Collected data
———
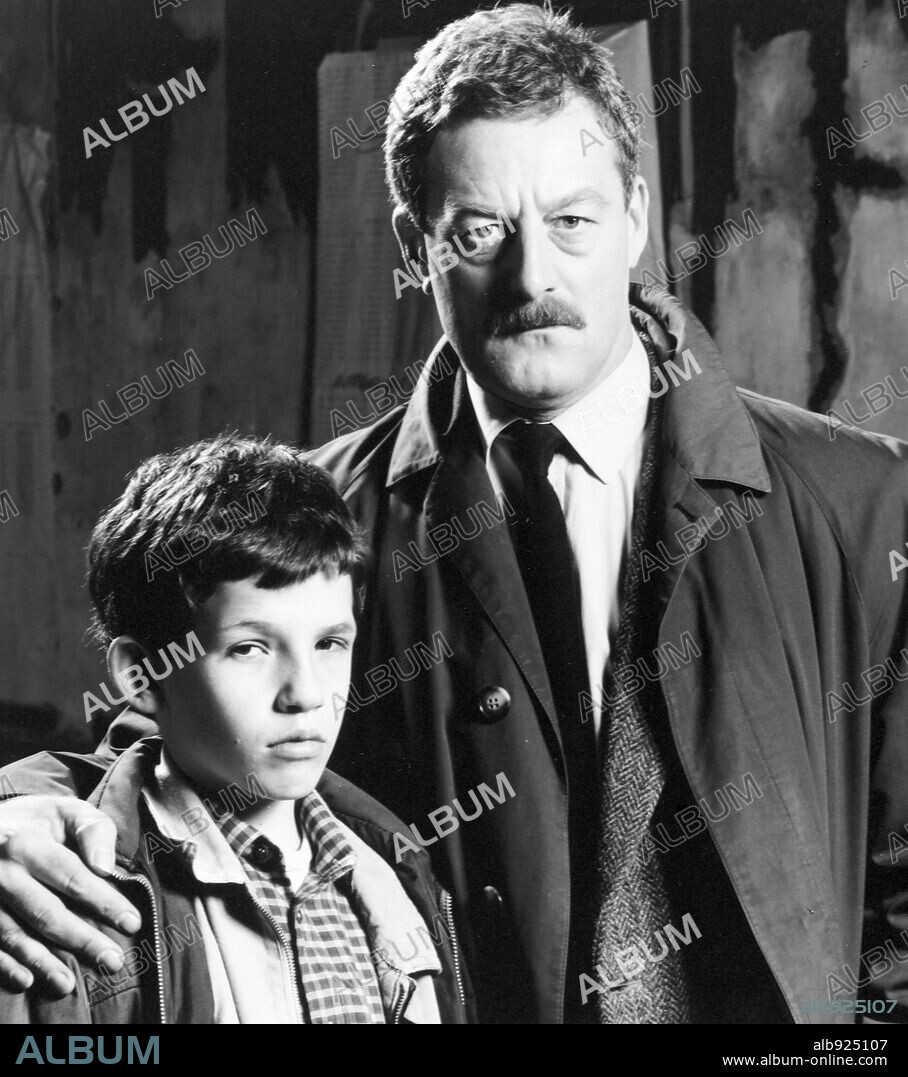BERNARD HILL and KIERAN O'BRIEN in BELLMAN AND TRUE, 1987, directed by RICHARD LONCRAINE. Copyright EUSTON FILMS.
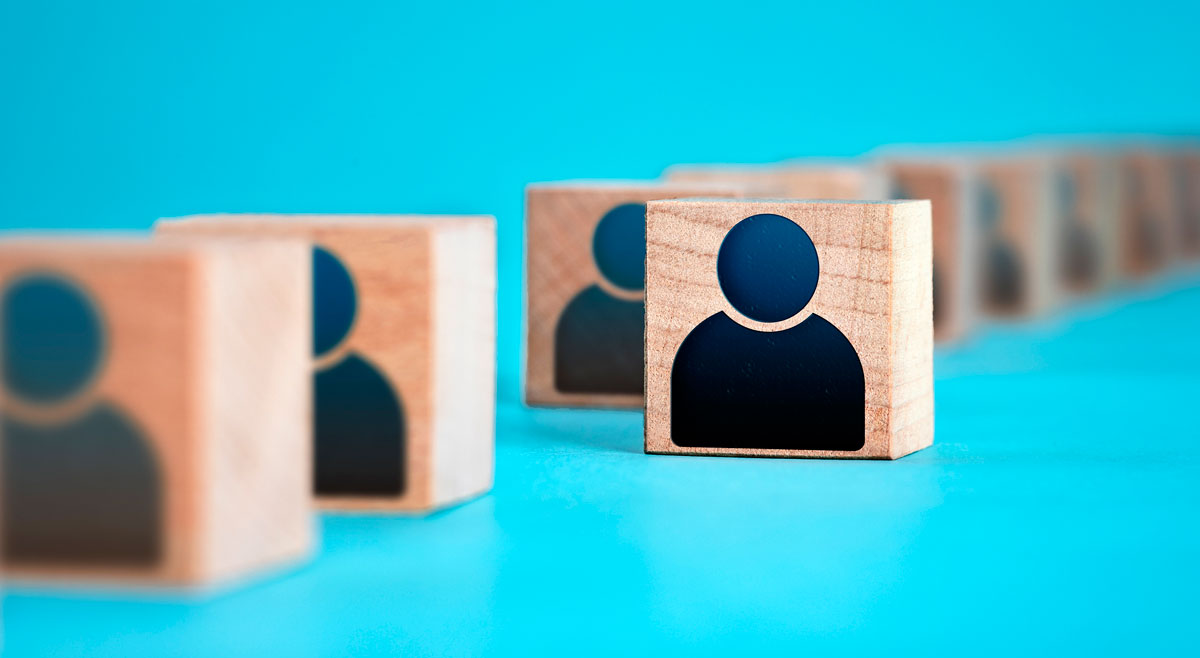 Figuren stehen in einer Reihe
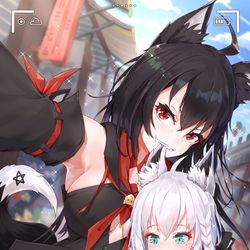 This is a pixiv picture whose title is 黑上吹雪（雾）里·白上吹雪 @shirakamifubuki.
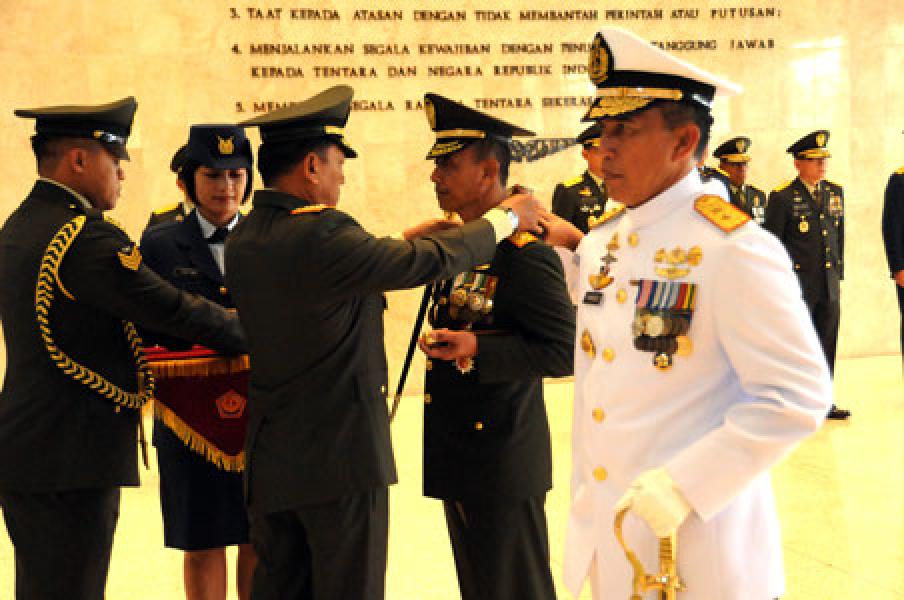 106 Pati TNI Terima Bintang Kehormatan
———
Required work
Reproduce, unchanged, each line between the one with "This is a pixiv" and the last line of the material, both included; the pictures do not go in.

Response to the exercise
 This is a pixiv picture whose title is 黑上吹雪（雾）里·白上吹雪 @shirakamifubuki.
 106 Pati TNI Terima Bintang Kehormatan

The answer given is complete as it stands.